Paper No. 2
Presentation Time: 1:50 PM
ICDP-USGS DEEP DRILLING PROGRAM IN THE CHESAPEAKE BAY IMPACT STRUCTURE, VIRGINIA, USA
GOHN, Gregory S.1, KOEBERL, Christian
2, MILLER Sr, Kenneth
3, REIMOLD, Wolf Uwe
4, COCKELL, Charles
5, DYPVIK, Henning
6, EDWARDS, Lucy E.
7, HORTON Jr, J. Wright
1, POWARS, David S.
8 and SANFORD, Ward E.
9, (1)U.S. Geol Survey, 926A National Center, Reston, VA 20192, (2)Department of Geological Sciences, University of Vienna, Althanstrasse 14, A-1090, Vienna, Austria, (3)Dept. of Geological Sci, Rutgers University, 610 Taylor Rd, Piscataway, NJ 08854, (4)Institute of Mineralogy, Humboldt-University in Berlin, Invalidenstrasse 43, Berlin, D-10099, Germany, (5)Planetary and Space Sciences Research Institute, Open University, Milton Keynes, MK7 6AA, (6)Department of Geology, Univ of Oslo, P.O.Box 1047, Blindern, Oslo, N-0316, Norway, (7)U. S. Geol Survey, 926A National Center, 12201 Sunrise Valley Drive, Reston, VA 20192, (8)U.S. Geol Survey, 926A National Center, 12201 Sunrise Valley Drive, Reston, VA 20192, (9)United States Geological Survey, National Center, 12201 Sunrise Valley Drive, Reston, VA 20192, ggohn@usgs.gov
The International Continental Scientific Drilling Program and the U.S. Geological Survey conducted deep drilling operations in the central part of the late Eocene Chesapeake Bay impact structure during September-December 2005 and April-May 2006. Cores were recovered continuously from land surface to a composite depth of 1,766 m in three holes at the Eyreville site in Northampton County, Va. The drilling target was the deep part of the structure, the moat, between the central uplift and the margin of the 38-km-diameter collapsed transient crater. The project's research program includes hydrologic investigations, deep biosphere studies, and studies of Cenozoic continental-margin and climate history in addition to studies of impact products and processes.

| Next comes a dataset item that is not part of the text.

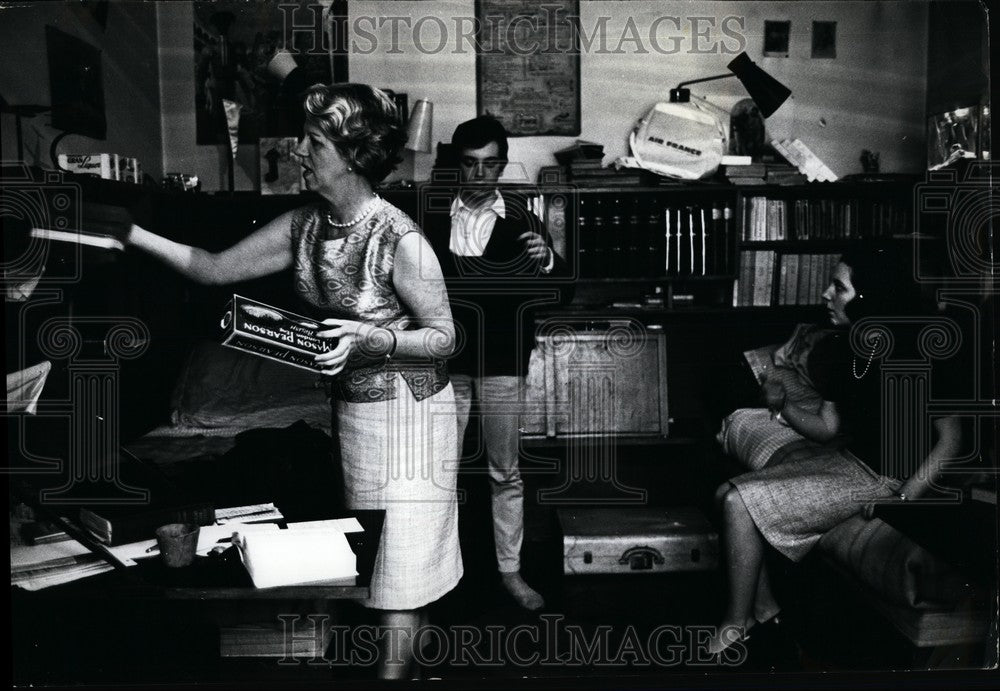 Press Photo Madame Bluebell, Margaret Kelly with Her Children Joan & Florence - Historic Images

The recovered geologic section consists of 1,322 m of impactites and 444 m of overlying post-impact sediments. Major units, from base to top, are: 1) variably brecciated schist and pegmatite containing minor impact-breccia veins, 216 m; 2) suevitic and lithic impact breccias, 157 m; 3) quartz sand with lithic pebbles, cobbles, and boulders, 22 m; 4) a granite megablock, 275 m; 5) megablocks of Cretaceous sediments overlain by allogenic sedimentary breccia containing target-sediment clasts and crystalline-rock ejecta clasts, 652 m; and 6) post-impact sediments of late Eocene through Pleistocene ages, 444 m. We interpret unit 1 to represent parautochthonous blocks of the crater floor and impact injection dikes. Unit 2 represents relatively melt-rich fallback deposits and (or) ground-surge deposits. Units 3 and 4, and the megablocks of unit 5, consist of slump blocks emplaced during late-stage gravitational collapse. The allogenic breccia of unit 5 is a diamicton produced by the resurge of ocean water and debris into the collapsing crater. The post-impact section consists of thick upper Eocene, thin Oligocene and lower Miocene, and thick middle and upper Miocene and Pliocene fine-grained shelf sediments overlain by a thin interval of Pleistocene paralic deposits.
Lessons learned or reinforced include the need for deep drilling programs in large impact structures to clearly characterize their drilling target, to expect structural complexity and lithologic variability, and to establish contingency funding to address the inevitable drilling problems.